People "unlike you" are the majority of the society

Doesn't make the task of learning to interact with them easier. The usual scenario for average people is: 1. learn to interact with your parents; 2. learn to interact with your peers; 3. learn to interact with weird people. Skipping the step 2 makes the step 3 harder, because we cannot use the natural "what would I do in their situation" heuristic.

I am assuming lack of other problems like autism.

I assume it is two situations causing the same problem for two different reasons. Simply said, you can have problem understanding other people either because your detection mechanism is broken, or because they think and behave differently from how you would think and behave in the same situation.

Of course, for some people it can be both.

The social games should have been easier because you're smarter than people around you.

As long as you don't desire to do things or discuss topics that are beyond their reach. Like, never.

And again, the skills of social games with non-smart people are what you need.

Need for what? Winning a pissing contest? Or feeling like a member of the tribe?

People who are highly successful are often abnormally smart

As if I ever denied that. I am talking about "P(successful | smart)", you reply with "P(smart | successful)".

You have two children with IQ 150. One goes to a special boarding school for kids with the same IQ of 150. The other one goes to a normal school with the normal kids of normal (100) IQ. After they both get out of school, which one will be better positioned to deal with real life and real society?

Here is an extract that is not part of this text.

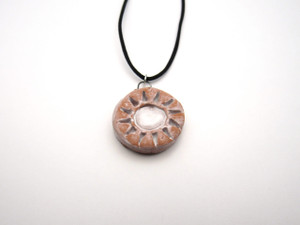 A handmade Abstract Sun Terracotta Pendant Necklace. The sun and sun rays are painted white.   With a black cord necklace. Made in America. In a laying position. A handmade Abstract Sun Terracotta Pendant Necklace. The sun and sun rays are painted white.   With a black cord necklace. Made in America. In a laying position.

Many people in "real life and real society" actually live in a bubble. When you e.g. study computer science, and then work as a programmer, you are usually not surrounded by people with IQ 100 most of the day. People even often choose their life partners with similar IQ. For some reasons this is considered natural for adults, but a horrible heresy when talking about children.

Assuming they both get into the same university, etc., I would bet on the child from the boarding school. But of course other factors can change that; for example if the child from the boarding school chooses a university where the average IQ is 100, and also loses all contacts with their former classmates, that can have a bad impact.

You cannot effectively learn dealing with everyday problems by e.g. reading a book about Feynman.

"Smart" and "nerd" are different things, overlapping but not the same. Note that it's not smart to try to deal with everyday problems by reading books about Feynman.

Doesn't make the task of learning to interact with them easier.

Sure, but you're stuck with them anyway. It's not like you have an option to move to some version of Galt's Gulch where only the IQ elite are admitted.

Need for what?

For life. To be able to find friends, dat... (read more)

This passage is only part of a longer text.